With the kids back in school, summer vacations concluded, and autumn not yet arrived, now is a propitious time to gain some clarity about what next steps you might take towards resolving whatever dilemma or project you’ve been itching to undertake. These issues can range from how to convince and reassure a reluctant, aging parent to move out of their home to figuring out whether to invest serious effort in that project you’ve always wanted to tackle to strategizing ways to rejuvenate a relationship that’s seen better days. Insight, answers, and progress rarely occur when we’re in avoidance mode…

All too often, we wish to move forward in our lives, but aren’t sure how to proceed; we feel there are too many alternatives or none whatsoever.
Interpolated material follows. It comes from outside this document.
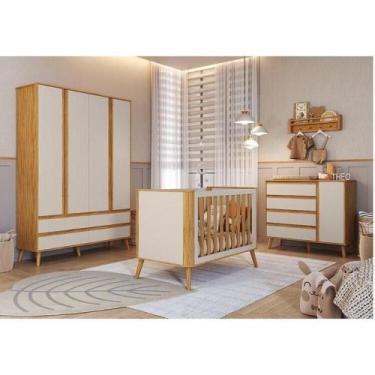 Imagem de Quarto de Bebê Completo 1 Guarda-roupa 1 Cômoda 1 Berço Minicama 100% 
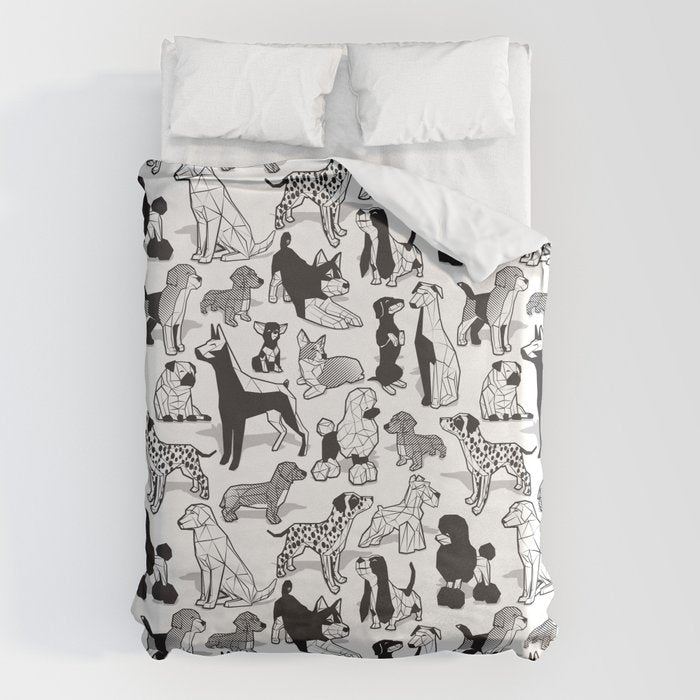Geometric sweet wet noses // white background black and white dogs Duvet Cover Gallery Image 6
Either way, our ability to feel overwhelmed, depressed, or at an utter loss is understandable. We confuse ourselves with conflicting priorities, pressing responsibilities, and a nagging distrust of trading our imperfect known for a vague but undefined something we think we want. The result for all too many is to remain fixed in place, made jittery at the prospect of enduring the status quo but hesitant to move forward. Nevertheless, a nagging sense of needing to do something buzzes about like an annoying gnat.

Any of this sound familiar?

Whatever your challenge is, the key to the solution is to act from your strengths. This is an adage that serves us well in all situations and at any point in our lives. We may not always “win,” but we’ll perform a heck of a lot better acting out of strength than weakness. Think about that experiment where the guy tells himself his extended arm is really strong before another person tries to push it down versus when he tells himself his arm is weak. Huge, huge difference in results!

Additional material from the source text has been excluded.